From 2015, through the Public Education Foundation, the Wakils funded scholarships for disadvantaged graduates of public schools undertaking tertiary or vocational education.

In 2022, the Susan and Isaac Wakil Foundation donated $20 million to establish the Isaac Wakil Biomedical Building, one of three buildings that will make up the Sydney Biomedical Accelerator complex due to open from 2026. The Isaac Wakil Biomedical Building will stand beside and connect to the Susan Wakil Health Building. The Sydney Biomedical Accelerator will be 36,000m^{2} health, education, and research precinct co-located at Royal Prince Alfred Hospital and the University of Sydney's Camperdown campuses, within the Tech Central precinct.

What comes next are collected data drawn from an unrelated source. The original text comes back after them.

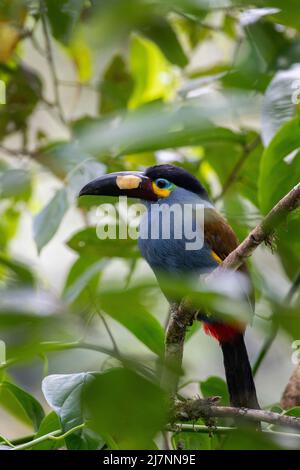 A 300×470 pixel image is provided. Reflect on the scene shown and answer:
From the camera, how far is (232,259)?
3.53 ft

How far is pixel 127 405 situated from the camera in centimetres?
32

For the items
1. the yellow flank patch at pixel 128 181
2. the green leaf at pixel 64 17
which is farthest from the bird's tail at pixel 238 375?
the green leaf at pixel 64 17

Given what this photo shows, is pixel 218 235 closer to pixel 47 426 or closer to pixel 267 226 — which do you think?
pixel 47 426

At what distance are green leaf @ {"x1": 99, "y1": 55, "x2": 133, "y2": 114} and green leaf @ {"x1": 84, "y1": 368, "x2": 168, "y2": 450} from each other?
2057 millimetres

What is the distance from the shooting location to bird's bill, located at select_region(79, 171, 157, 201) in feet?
5.22

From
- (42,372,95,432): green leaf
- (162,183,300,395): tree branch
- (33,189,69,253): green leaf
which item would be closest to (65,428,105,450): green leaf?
(42,372,95,432): green leaf

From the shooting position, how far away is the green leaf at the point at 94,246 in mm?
1860

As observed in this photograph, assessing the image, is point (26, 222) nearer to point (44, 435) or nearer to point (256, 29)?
point (44, 435)

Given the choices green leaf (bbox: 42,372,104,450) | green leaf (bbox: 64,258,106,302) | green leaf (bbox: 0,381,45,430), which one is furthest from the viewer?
green leaf (bbox: 64,258,106,302)

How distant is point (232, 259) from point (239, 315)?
76 centimetres

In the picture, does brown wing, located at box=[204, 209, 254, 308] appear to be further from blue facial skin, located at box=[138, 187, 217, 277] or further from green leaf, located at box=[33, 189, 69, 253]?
green leaf, located at box=[33, 189, 69, 253]

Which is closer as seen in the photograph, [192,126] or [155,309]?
[155,309]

Isaac Wakil has spoken of the joy the pair took in contributing to Australian cultural life. "Australia is a great country," he said when their gift to the University of Sydney Susan Wakil School of Nursing and Midwifery was announced. "It's a good feeling to give something back."

== In Memory ==
In memory of his wife, in 2019 Isaac commissioned Chinese-Australian artist Shen Jiawei to paint a portrait of Susan, in which she wore a gown of one of her favoured designers, Yves St Laurent. The portrait was donated to the National Portrait Gallery in Canberra.

Julian Leeser, MP for Berowra, acknowledged Wakil as one of Australia’s greatest benefactors in the grievance debate in Parliament, Wednesday 27 June 2018.